How long will this market continued to be affected by the European debt and banking crisis? Who knows for sure, but the answer is probably too long unfortunately. Finding a suitable trading candidate in this market may take a little more time to research.
If you only use technical analysis when choosing your trades, you might want to do some fundamental research as well before you enter any new positions. A nice non-bearish trend can be disrupted with some unexpected, perceived bad news that can drive shares lower.
A stock whose company has solid fundamentals may not be immune to a drop in price, but it may help the stock eventually recover a little quicker than a company with poor fundamentals.
EOG Resources Inc. (NYSE:EOG) looks like a great candidate for a covered-call (buy-write) trade this week. EOG is one of the largest independent oil and natural gas companies in the United States, with reserves in the U.S., Canada, Trinidad, the United Kingdom and China.
The company looks solid financially with increasing revenue growth, expanding profit margins and a nice growth in net income. And this week, TheStreet Ratings upgraded the stock, while UBS research analysts raised their EPS estimates on EOG as well.

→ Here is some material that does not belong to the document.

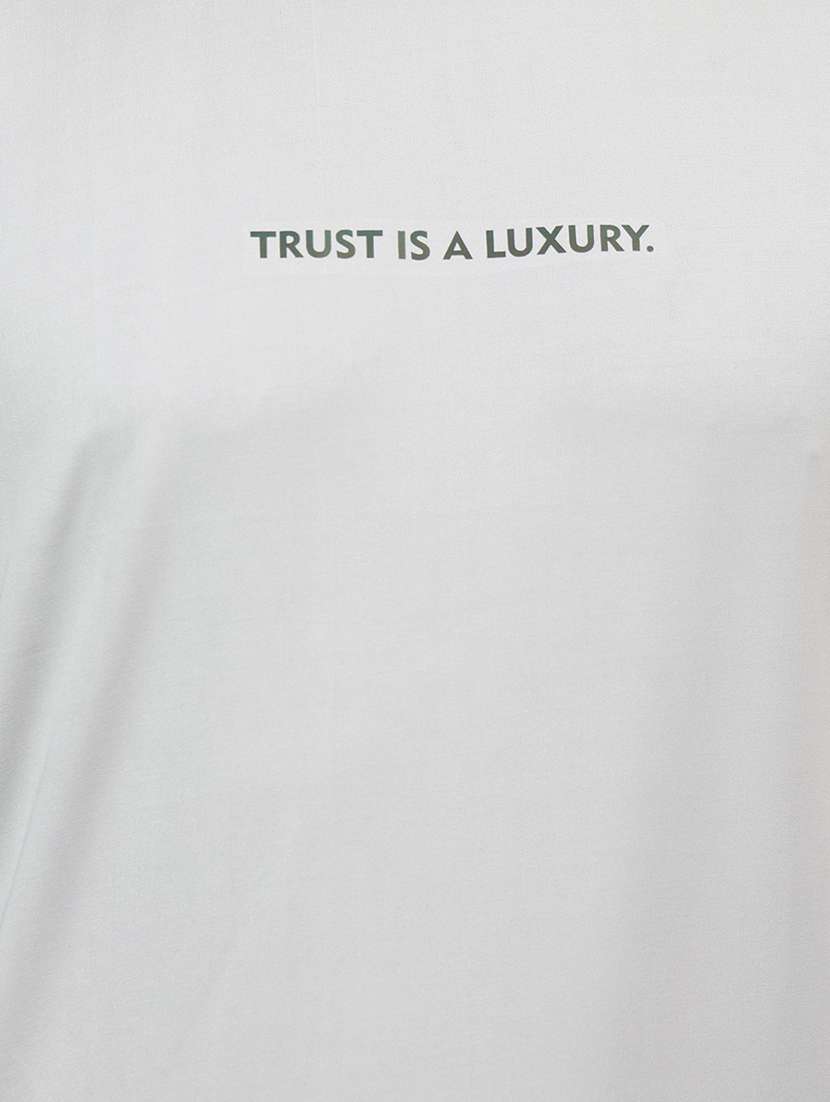 men typographic sleeveless vest - 22219518 -  Standard Image - 5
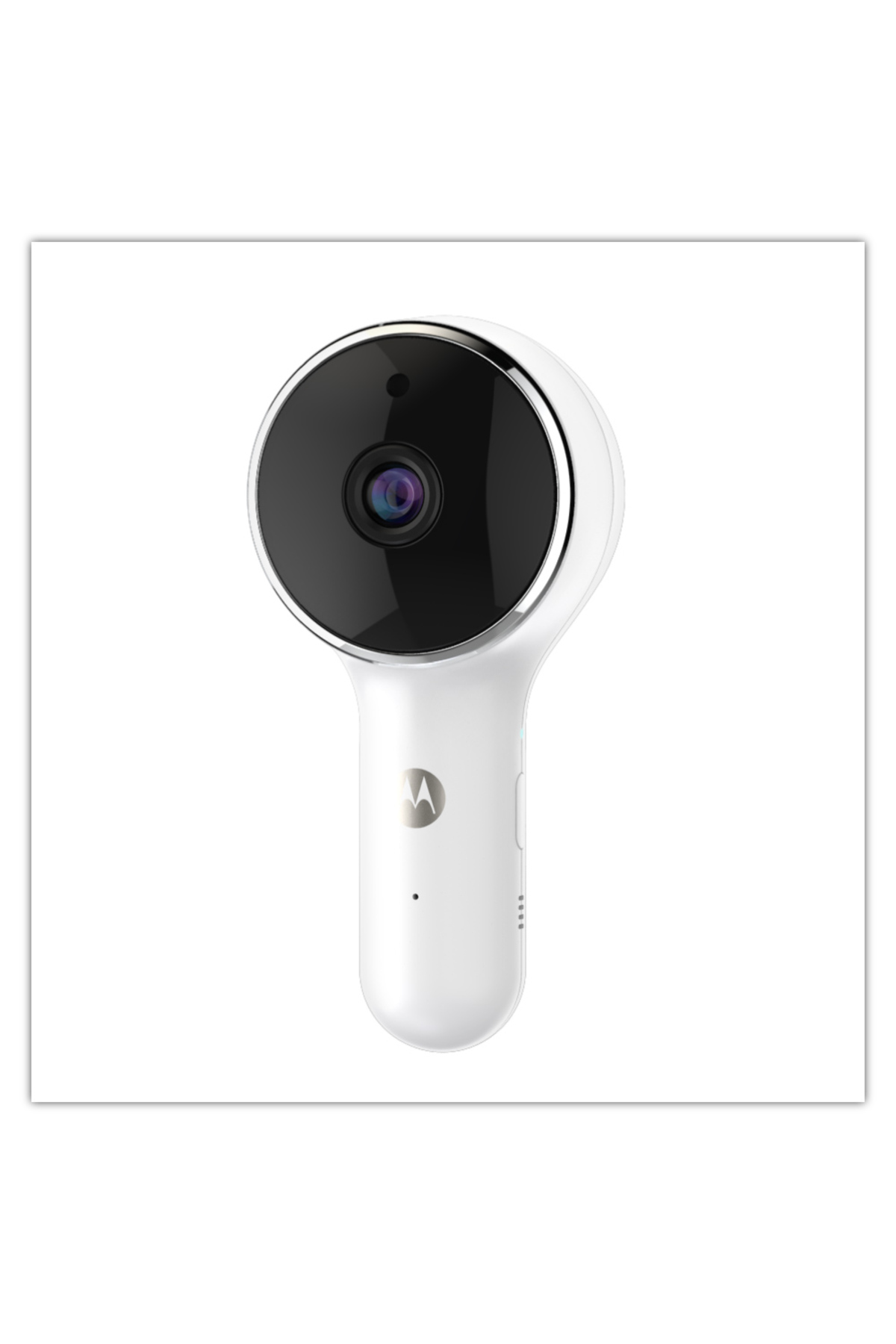 Motorola VM64 (LUX64) 4,3’’ LCD Ekran Wi-Fi Video Bebek Kamerası fotoğrafı 4 (önizleme)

It’s no wonder, as this company has pretty solid fundamentals.
Since the beginning of October, the stock has gone from below $70 to its current price ($102.36). Just this month, the stock finally got above its 200-day moving average and has basically traded sideways since.
EOG may continue to trade sideways for sometime before the stock continues to move higher. This occasionally happens after a breakout. The stock has traded much higher than its current price, so expecting the stock to continue to rise eventually is within reason.
Making the EOG Covered Call Trade
Example: Buy 100 shares of EOG @ $102.36 and sell the EOG Dec 105 Call @ $3.95
Cost of the stock: 100 X $102.36 = $10,236 debit
Premium received: 100 X $3.95 = $395 credit
Maximum profit: $659 — that’s $264 ($105 – $102.36 X 100) from the stock and $395 from the premium received if EOG finishes at or above $115 @ December expiration.
Breakeven: If EOG finishes at $98.41 ($102.36 – $3.95) @ December expiration.
Maximum loss: $9,841, which occurs in the unlikely event that EOG goes to $0 @ expiration.
Managing the EOG Covered Call Trade
The main objective for a covered call strategy is for the stock to just rise up to the sold call’s strike price at expiration, which in this case is $105. The stock moves up the maximum amount without being called away, gains are enjoyed on the shares and the sold call expires worthless.
If the stock moves past $105 and looks like it’s going to go much higher, then the call that was previously sold (December 105) can be bought back and a higher strike can be sold against the position to avoid assignment. This will allow the stock to remain in the portfolio and also give the position a chance to increase its return.
The breakeven point on this covered call is close to an area of support for the stock, which is the $98 area.
If the stock drops in price more than was anticipated, it might make sense to close out the entire trade (stock and short call) to avoid further losses.